Mr. Wallace watched the train pass. He dizzily shook his head, as blood trickled down one side of his face. He’d been grazed

by a bullet. He tucked his pistol away and handed me the two money bags he was carrying.

Gesturing to the train, which had come close to passing us, he said, “Go.” And when I didn’t move, he screamed, “I can’t jump

a moving train! Go!”

I couldn’t go on without him though. What would I do without his wisdom to lead me?

I grabbed his forearm just before jumping up on a railing. We flew forward with the speed of the train, Mr. Wallace hanging

off my arm, his body a loose limb. I stepped inside a train car and hoisted him in behind me. He clawed at the door handle

until finally he found a grip to get inside.

We fell on a bed of newspaper and caught our breath. Mr. Wallace moaned like a whining hinge, rubbing his shoulder, which looked dislocated. The bone jutted forward like an awkward wing.

“I told you not to do that,” he rebuked.

“I’m sorry, sir,” I said.

But I couldn’t leave him. I was not brave enough for the world yet. Not independent enough for adulthood. Barely sure of who

I even was.

Normally, Mr. Wallace would tell me I apologized too much, but this time he accepted it. And we lay there, quietly, as the

train chugged on, mechanical and uncaring.

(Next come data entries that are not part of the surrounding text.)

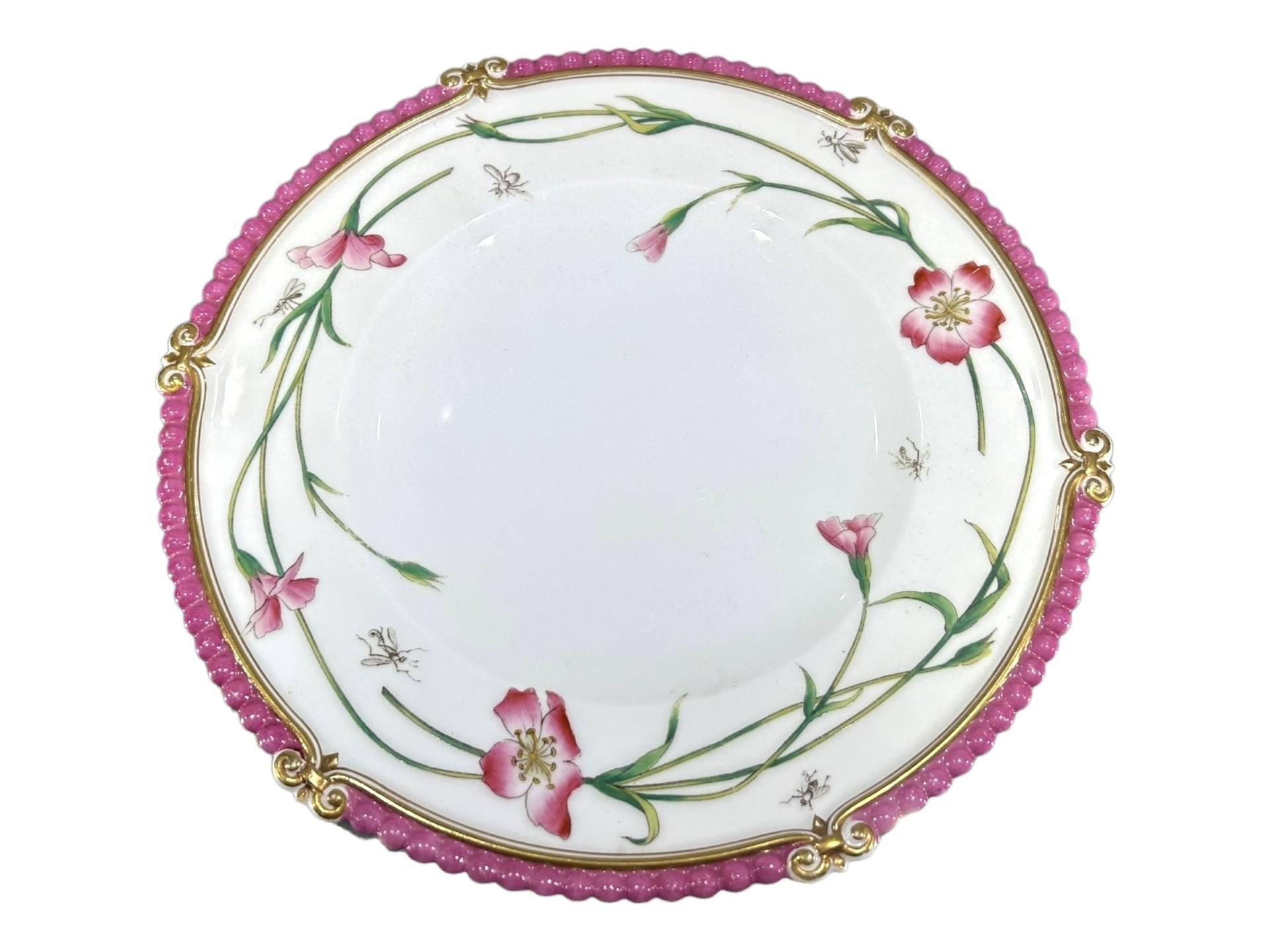 T.C. BROWN-WESTHEAD MOORE & CO., A 19TH CENTURY VICTORIAN PORCELAIN DESSERT TAZZAS AND PLATES - Image 4 of 5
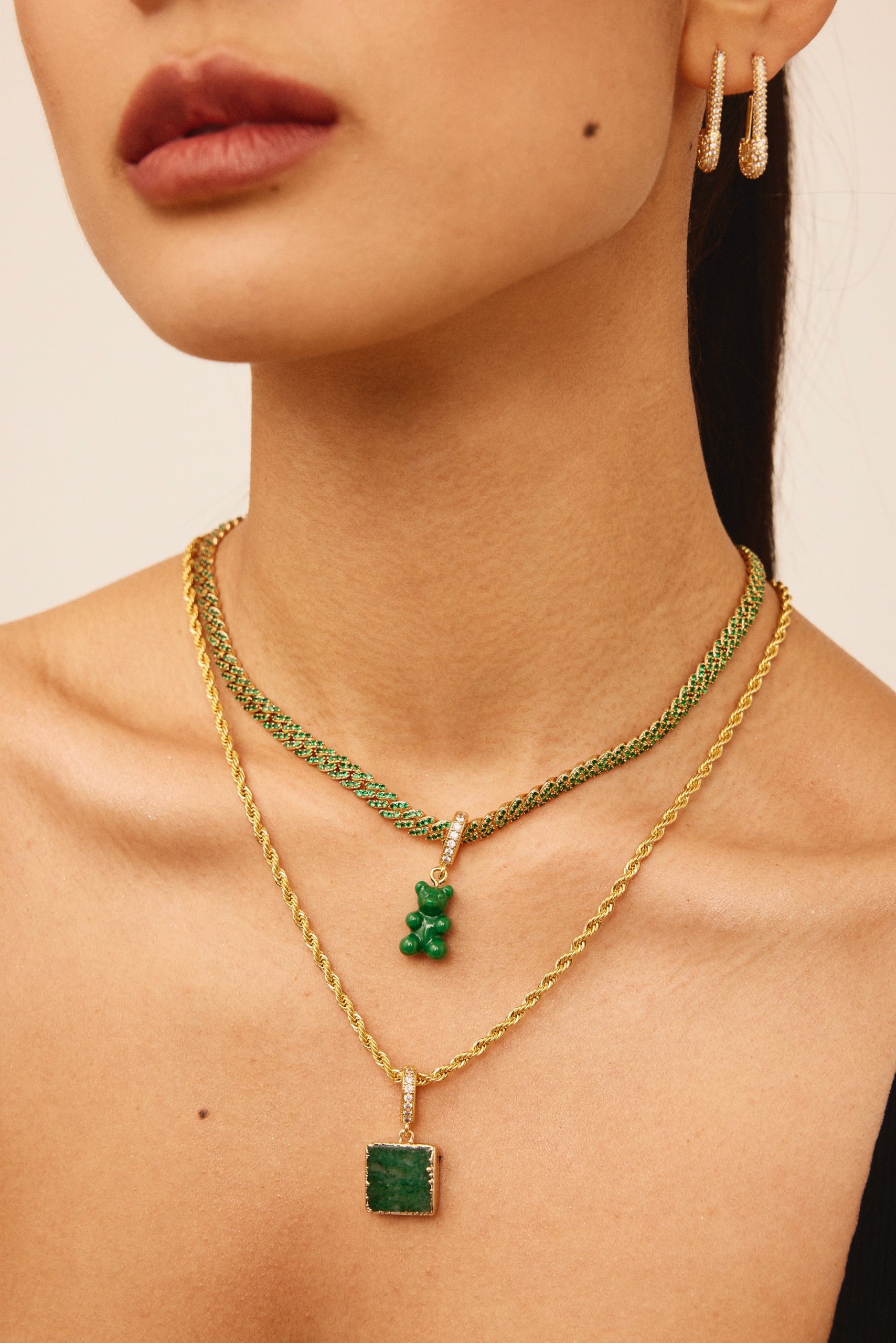 CRYSTAL HAZE ◆ NOSTALGIA BEAR PAVE SILVER GREEN HAZE Nostalgia Bear - Pave Connector - Gold Plated - Vegan
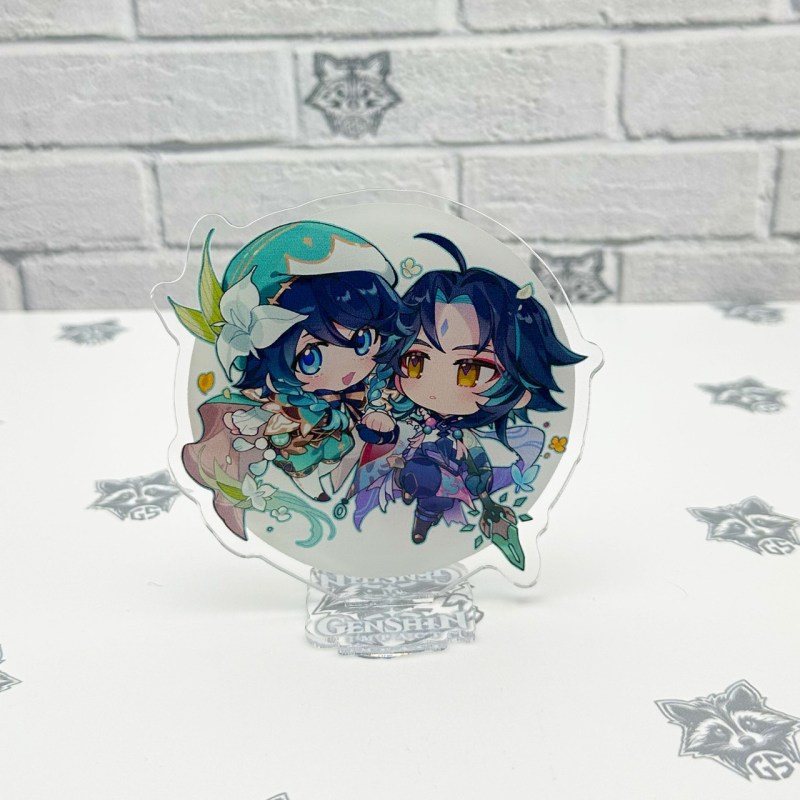 Акрилова колекційна фігурка Chibi Геншин Імпакт - Genshin Impact Сяо та Венті 10 см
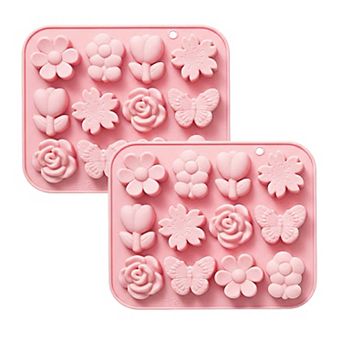 2 pc Silicone Flower and Butterfly Baking Mold Set Nonstick Flexible Candy Chocolate Mold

The night crept in quickly, as if throwing a blanket over the day to hide it from memory. I scrunched in the corner with my

knees to my chest. “Why would they do this?” I asked.

“They’re afraid,” Mr. Wallace said. “That if we rise, we’ll do to them what they do to us.”

White folks thought us competition. So, any time we did well, they’d take it as a threat.

“You got family in Harlem,” Mr. Wallace said, half asleep. He was upright with his eyes closed, and in the sparing moonlight,

the train rocked his skinny body back and forth.

The train hit a bump, and he fell over, blood from his head smearing the newspapers. But he got back up again and sat up,

wincing, as his eyes closed. This was not a small graze. A piece of the bullet had embedded itself into the side of his head.

“Sir?” I started ripping open packages to find something that could save him, but all this cart had was mail. “Mr. Wallace? Please don’t—” Please don’t die.

I didn’t want to be the last person he would ever see.

“Your uncle migrated that way—Beet, Lorraine, Daisy, and them,” he said, opening his eyes again, looking woozy and out of

it.

“Oh . . .” I balled up some paper and held it against his head.

I hadn’t seen my extended family in years, not since they moved.

Mr. Wallace fell over again and didn’t get back up. He fell asleep in the fetal position. I took his hand in mine—a hand that

carried years of experience in the calluses.

How could I be so stupid as to complain about working with Mr. Wallace, who made his way through life with integrity and persistence?

He ran a shoe shop that made people feel good and sharp about themselves. And he ran it with pride! Now here he was, and all

the man had for years of struggle was a whiny brat to die beside.

Somewhere along the way, he stopped breathing. I knew it because the car started to feel lonelier.

I slid back the train door as we coasted over a lake—a stretch of trees, night and stars above us. I hung my legs out and

let them swing and waited, as if God would rapture me next, as if that were the only possible turn things could take.

But nothing happened. So I tucked back inside, curled up on the newspapers, and fell asleep.